▶ RECORDED DATA
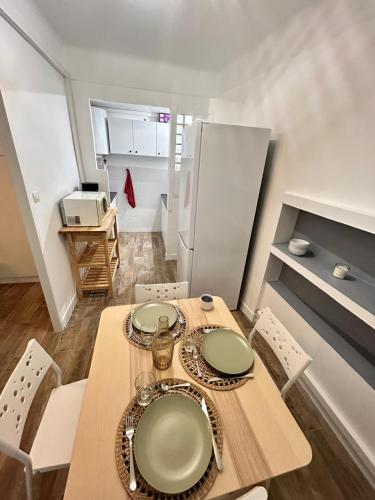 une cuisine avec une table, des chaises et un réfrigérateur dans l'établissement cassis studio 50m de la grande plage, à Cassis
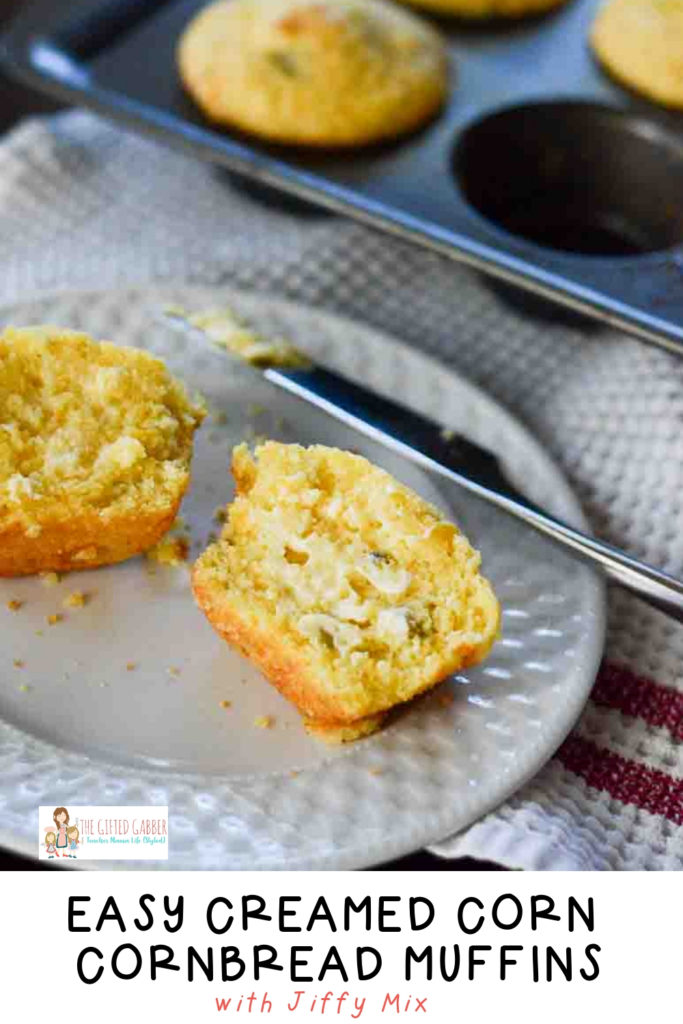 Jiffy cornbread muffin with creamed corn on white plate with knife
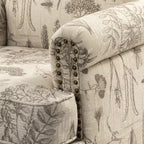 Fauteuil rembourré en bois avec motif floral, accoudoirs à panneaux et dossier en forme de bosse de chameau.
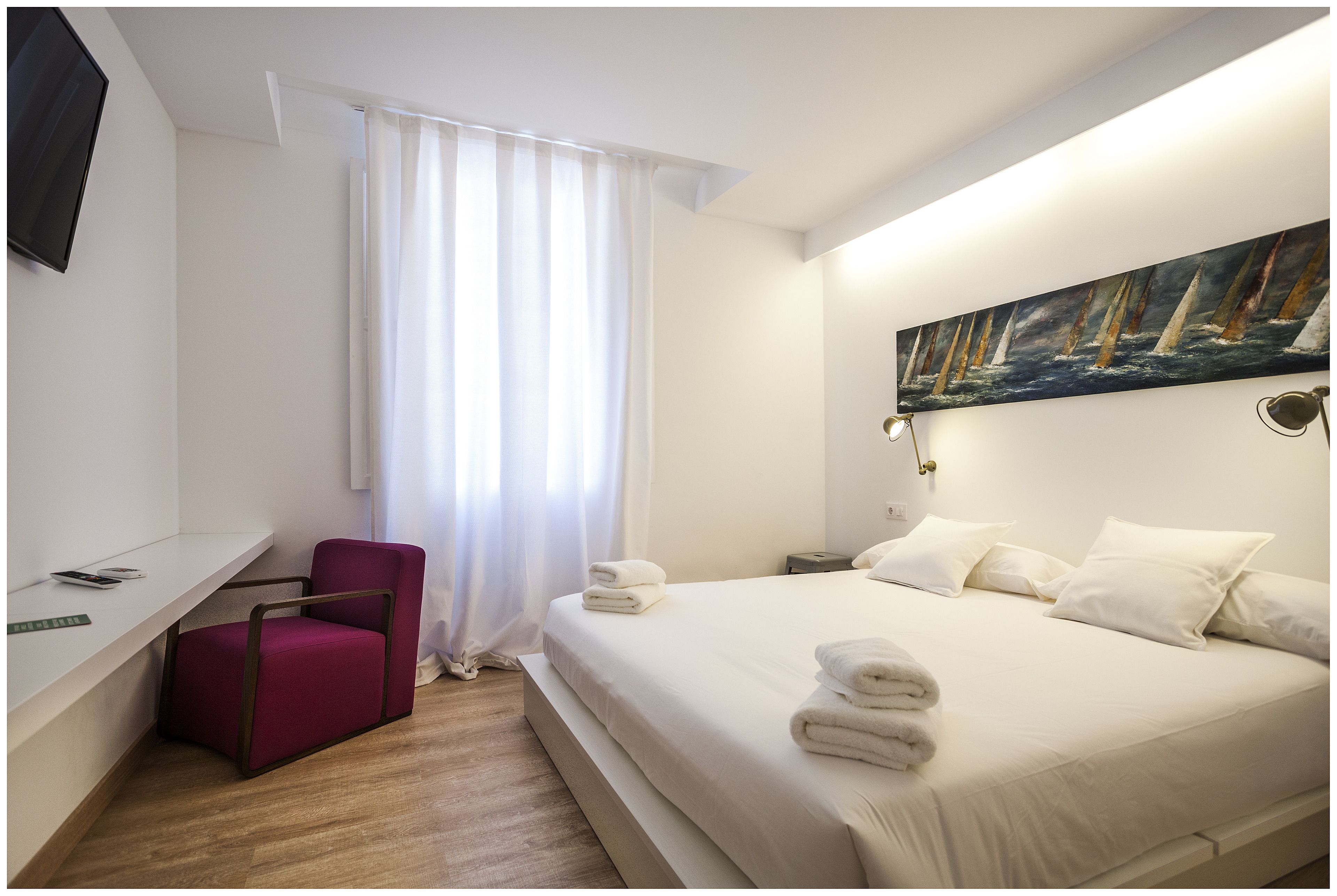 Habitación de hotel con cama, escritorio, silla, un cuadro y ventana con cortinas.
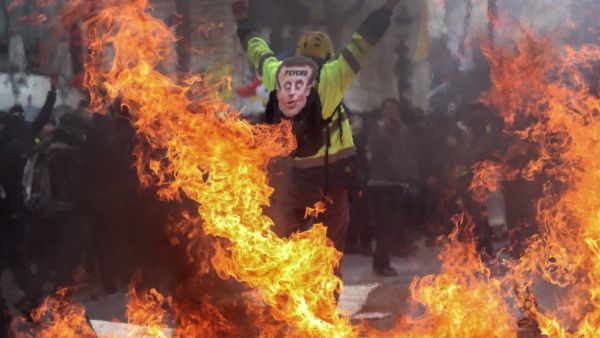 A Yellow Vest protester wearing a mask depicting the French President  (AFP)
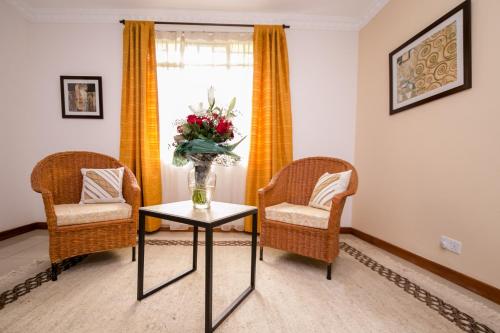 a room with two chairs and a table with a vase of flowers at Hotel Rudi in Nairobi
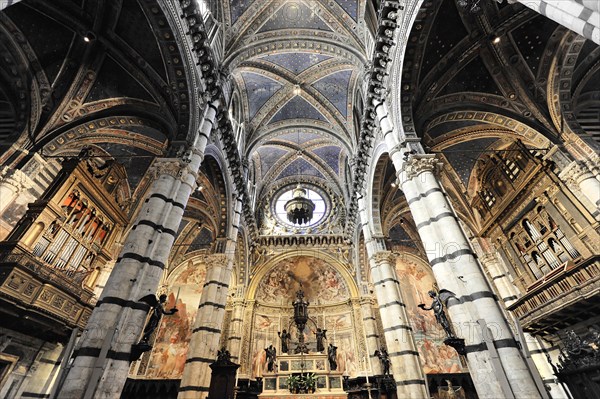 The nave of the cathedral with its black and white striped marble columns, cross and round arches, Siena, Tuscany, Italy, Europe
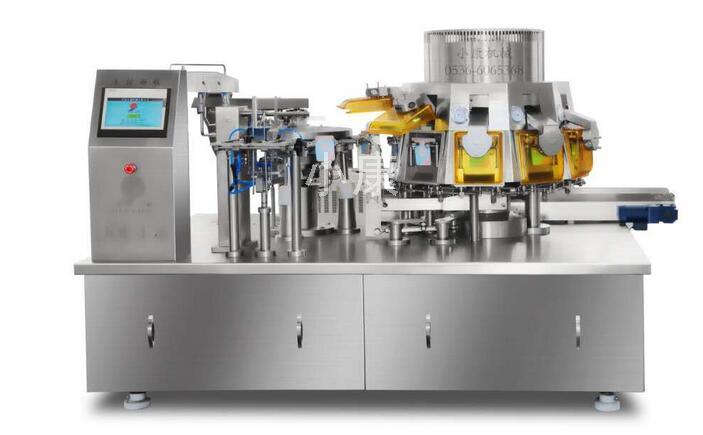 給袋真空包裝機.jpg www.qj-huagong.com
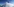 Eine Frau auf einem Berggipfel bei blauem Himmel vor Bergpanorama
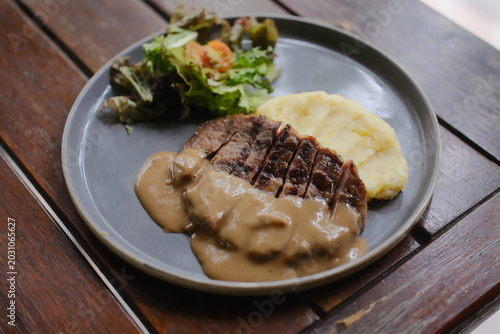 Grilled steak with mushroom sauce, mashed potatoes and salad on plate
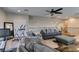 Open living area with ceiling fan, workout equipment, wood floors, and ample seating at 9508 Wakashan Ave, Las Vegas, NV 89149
...
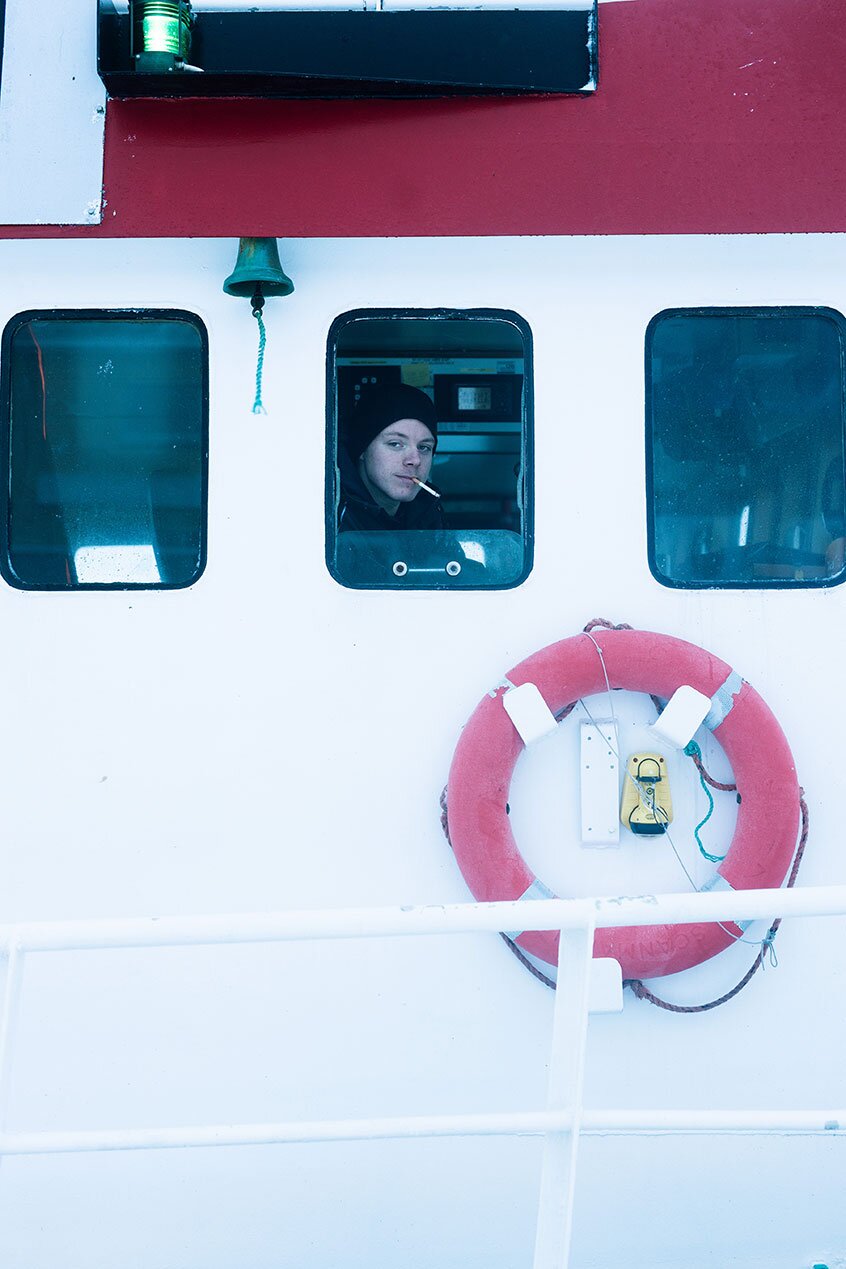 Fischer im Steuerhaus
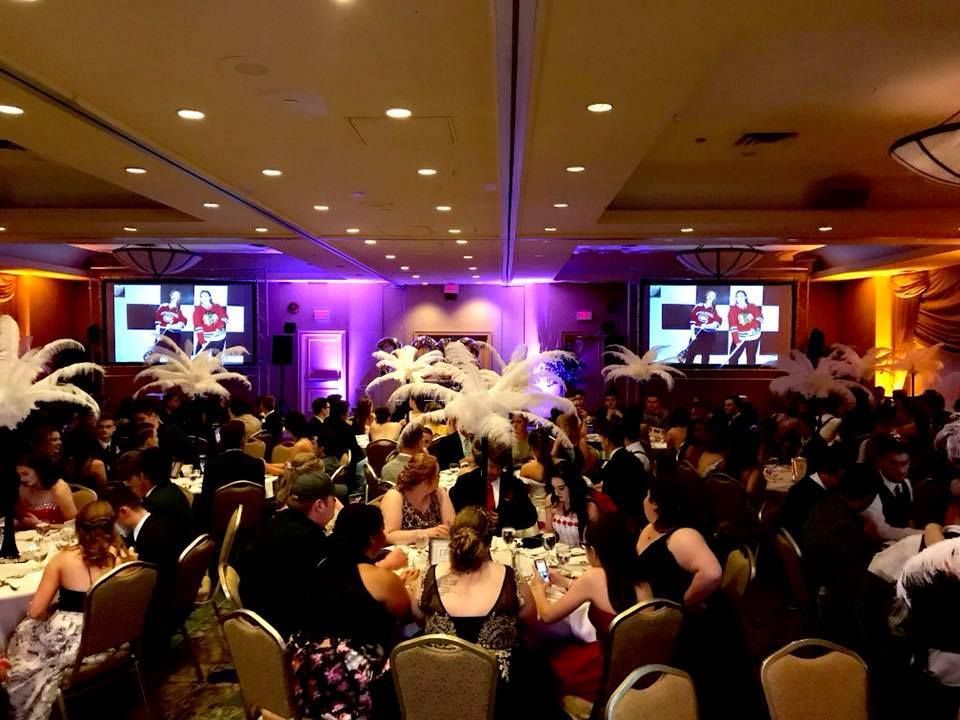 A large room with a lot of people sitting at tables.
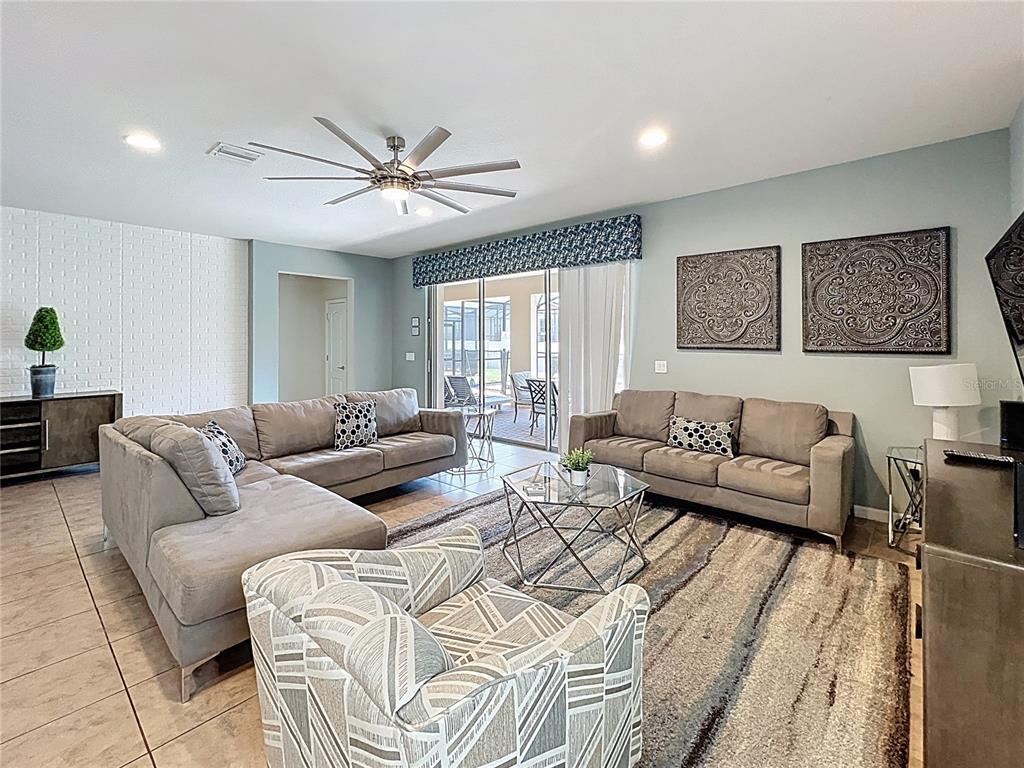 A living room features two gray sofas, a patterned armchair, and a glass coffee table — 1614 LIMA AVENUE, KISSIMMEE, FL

▶ TASK TO CARRY OUT
Could the stretch from the line with "A Yellow Vest" through the line with "Grilled steak with" in the listing above be restated word for word, minus the pictures?

▶ SOLUTION
 A Yellow Vest protester wearing a mask depicting the French President  (AFP)
 a room with two chairs and a table with a vase of flowers at Hotel Rudi in Nairobi
 The nave of the cathedral with its black and white striped marble columns, cross and round arches, Siena, Tuscany, Italy, Europe
 給袋真空包裝機.jpg www.qj-huagong.com
 Eine Frau auf einem Berggipfel bei blauem Himmel vor Bergpanorama
 Grilled steak with mushroom sauce, mashed potatoes and salad on plate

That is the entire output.